Assistant Professor, Electrical Engineering, Yale University

Abstract

Spiking Neural Networks (SNNs) have recently emerged as an alternative to deep learning due to their huge energy efficiency benefits on neuromorphic hardware. In this presentation, I will talk about important techniques for training SNNs which bring a huge benefit in terms of latency, accuracy, interpretability, and robustness. We will first delve into how training is performed in SNNs. Training SNNs with surrogate gradients presents computational benefits due to short latency. However, due to the non-differentiable nature of spiking neurons, the training becomes problematic and surrogate methods have thus been limited to shallow networks. To address this training issue with surrogate gradients, we will go over a recently proposed method Batch Normalization Through Time (BNTT) that allows us to train SNNs from scratch with very low latency and enables us to target interesting applications like video segmentation and beyond traditional learning scenarios, like federated training. Another critical limitation of SNNs is the lack of interpretability. While a considerable amount of attention has been given to optimizing SNNs, the development of explainability still is at its infancy. I will talk about our recent work on a bio-plausible visualization tool for SNNs, called Spike Activation Map (SAM) compatible with BNTT training. The proposed SAM highlights spikes having short inter-spike interval, containing discriminative information for classification.

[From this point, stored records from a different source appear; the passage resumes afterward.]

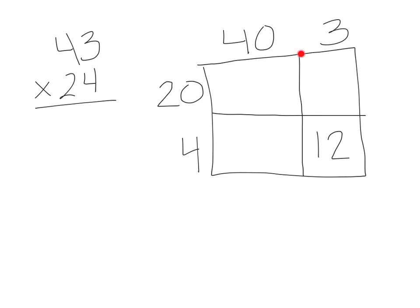Then I'll move up to the top box. It's 3 times 20. We know that 3 times 2 equals 6, and then we can tack on that 0. So the answer is 60. That's a cool strategy.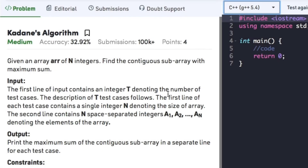Hi guys, welcome back to another video. Our next question on the arrays topic is Kadane's algorithm. The question states that given an array of n integers, find the contiguous sub-array with maximum sum.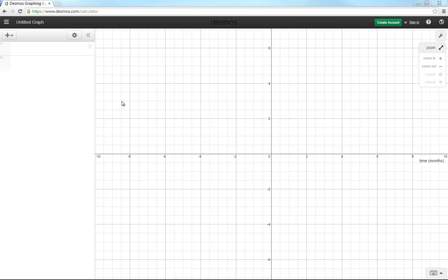The purpose of this video tutorial is to show how an online graphing calculator application called Desmos works. This is the website that you can browse to, just www.desmos.com/calculator.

Finally, with proposed BNTT and SAM, I will highlight the robustness aspect of SNNs with respect to adversarial attacks. In the end, I will talk about interesting prospects of SNNs for non-conventional learning scenarios such as privacy-preserving distributed learning as well as unraveling the temporal correlation in SNNs with feedback connections. Finally, time permitting, I will talk about the prospects of SNNs for novel and emerging compute-in-memory hardware that can potentially yield order of magnitude lower power consumption than conventional CPUs/GPUs.